Materials and Methods
Animals
Female, eight-week-old Balb/c mice were obtained from Janvier (Le Genest Saint Isle, France). Animal housing and procedures were conducted according to the French Agriculture Ministry guidelines and were approved by the local ethics committee (CIEPAL: Comité Institutionnel d'Ethique Pour l'Animal de Laboratoire) (Permit number # A06-088-14-138). Animals were fed using a standard regimen with a normal-iodide diet, except for two animals included in the protocol for dosimetric calculations that received an iodide-poor regimen for 8 days before the study (see below).
In vivo MicroSPECT/CT Studies
99mTc pertechnetate (99mTcO4 −) was obtained from a freshly eluted 99Mo/99mTc generator. Animals were administered intraperitoneally with 99mTcO4 − activities ranging from 10 MBq to 150 MBq. Thyroid tracer uptake was measured 60 minutes later using a dedicated microSPECT/CT scanner (eXplore speCZT CT120, GE) under gas anesthesia (air and 1-2% isoflurane) in an air-warmed imaging chamber (Minerve, Esternay, France) to keep body temperature constant at 37°C. The SPECT scanner uses a stationary full ring of CZT detectors and a rotating 7-pinhole (1 mm opening) collimator. A total of 350 projections were acquired over 360° in 8 minutes.

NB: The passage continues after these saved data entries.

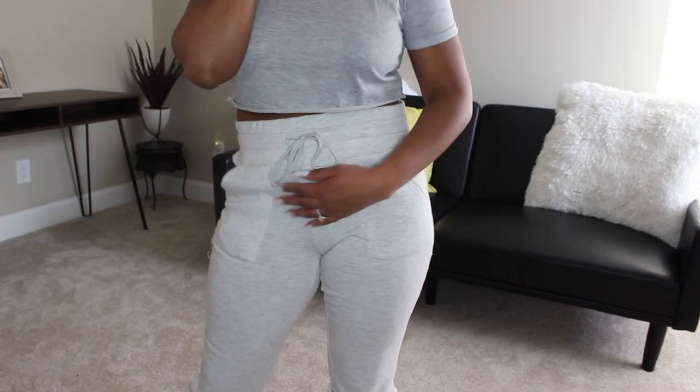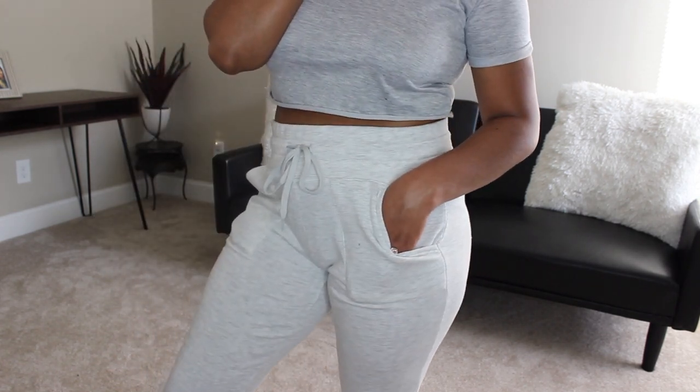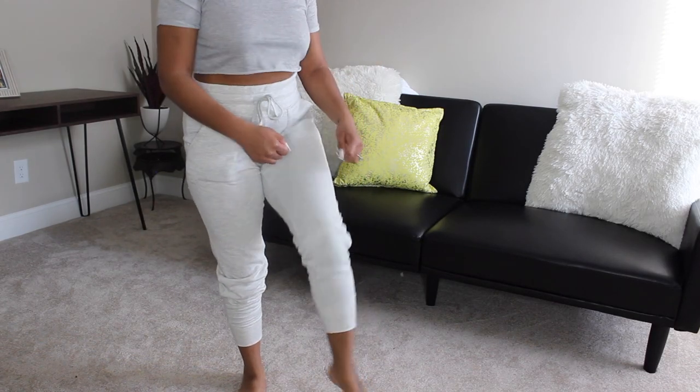So today's find will be these Walmart sweatpants. I have been loving these pants. These are some really really comfy sweatpants that you can pick up at your local Walmart and they're for only $12. You can't beat the softness that these pants give you. When I say you put them on and you feel like you put on a blanket — literally. They are like the jogger style pants so you can kind of scrunch them up at the ankles.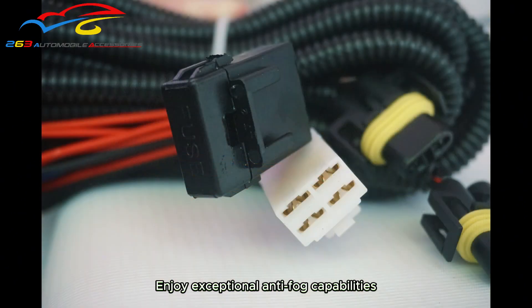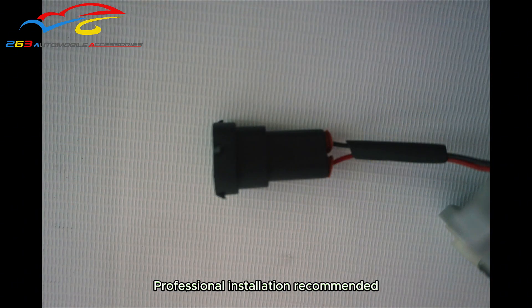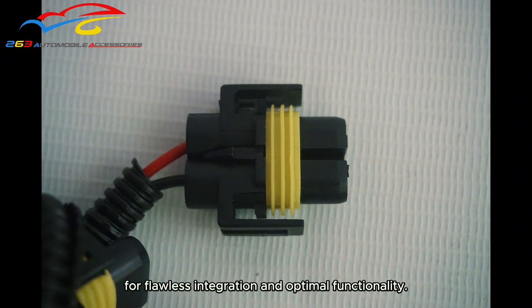Enjoy exceptional anti-fog capabilities. Professional installation recommended for flawless integration and optimal functionality.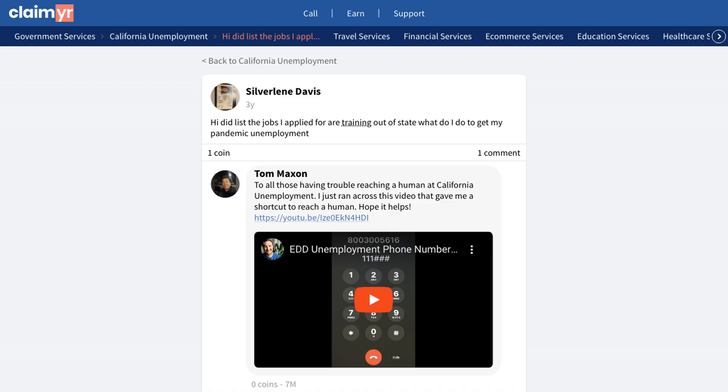If you're facing a similar situation or have other unemployment-related questions, I encourage you to check out the original community post. You can find the link in the description below. There, you can ask your own questions and get help from over 10,000 experienced community members who understand the ins and outs of the unemployment system.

Images were reconstructed using the manufacturer's 3D-OSEM algorithm (5 subsets and 11 iterations), which incorporates the system's collimator–detector response function and scatter correction. SPECT imaging system calibration for 99mTc volume sensitivity was obtained by correlation of the results with a calibrated well counter using the NEMA protocols [24]. Reconstructed images were analyzed and quantified using AMIDE software [25]. Tracer activity in the thyroid was calculated by converting the total image units measured in a 3D region of interest to MBq using the calibration factor. Thyroid uptake was expressed as percentage of the injected dose (%ID) after decay correction, except for dosimetric calculations (see Figure 1B).
Animal Study Protocols
For dosimetric calculations, thyroid SPECT imaging was repeated 1, 3 and 7 hours after intraperitoneal administration of 150 MBq 99mTcO4 − in four mice. Two mice had a standard-regimen diet, two had a poor-iodide-regimen diet for 8 days before the study. This dietary manipulation is known to lead to different thyroid 99mTcO4 − uptake capacity and was used to establish a correspondence between absorbed dose to the thyroid (at 24 hours) and thyroid activity at the peak.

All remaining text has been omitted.